== WORK ITEM ==
Print, please, exactly the lines from the one with "マルチインフォメーションディ" through the final line of the data below, with both ends included and the pictures left out.

== SOURCE DATA ==
*** Block opens ***

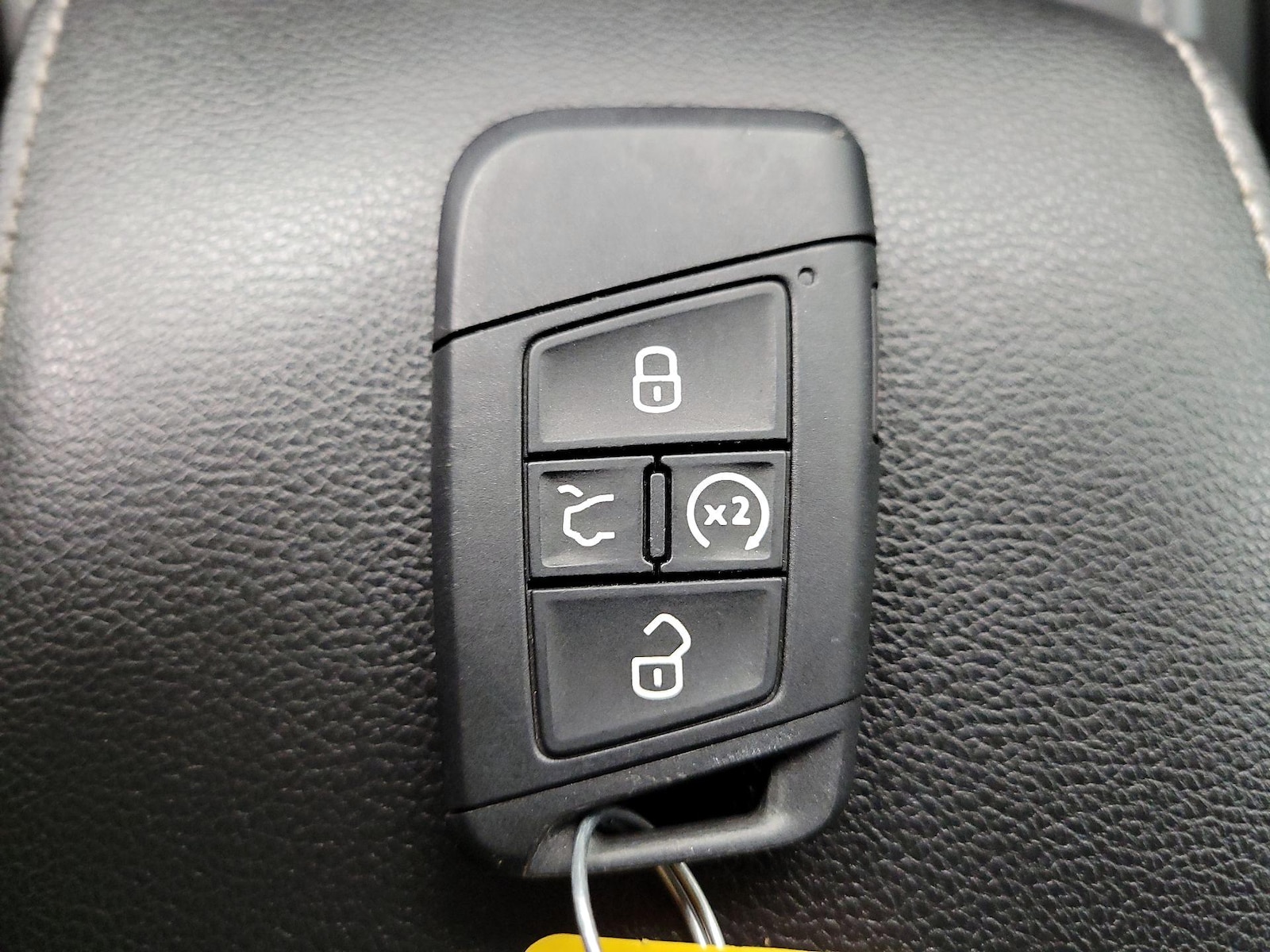 2022 Volkswagen Tiguan SE R-LINE BLACK - Photo 24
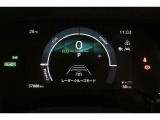 マルチインフォメーションディスプレイ付きのメーターです!エコ運転へ導く多彩な情報を表示してくれます。
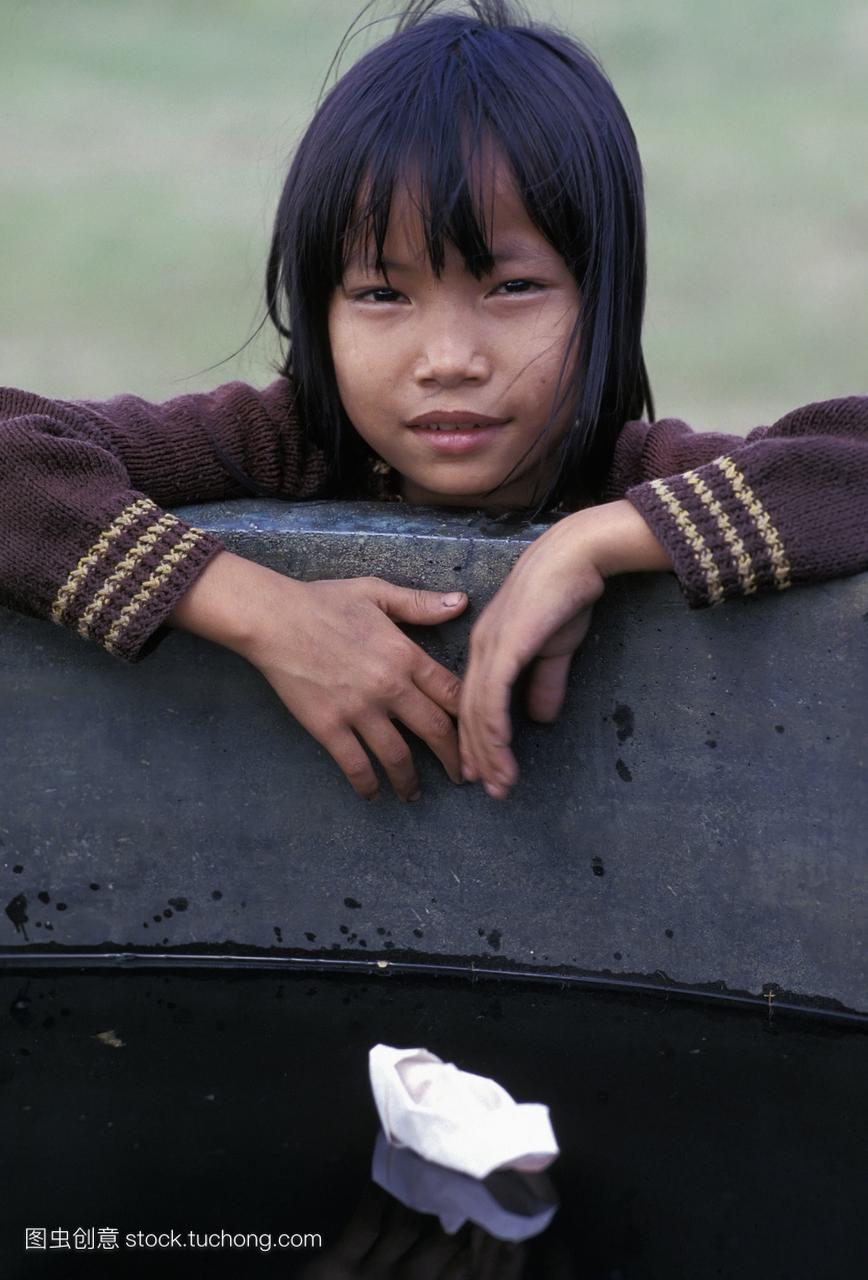 女孩玩纸船铜缸紫禁城色彩的城市越南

*** Block closes ***

== TASK ANSWER ==
 マルチインフォメーションディスプレイ付きのメーターです!エコ運転へ導く多彩な情報を表示してくれます。
 女孩玩纸船铜缸紫禁城色彩的城市越南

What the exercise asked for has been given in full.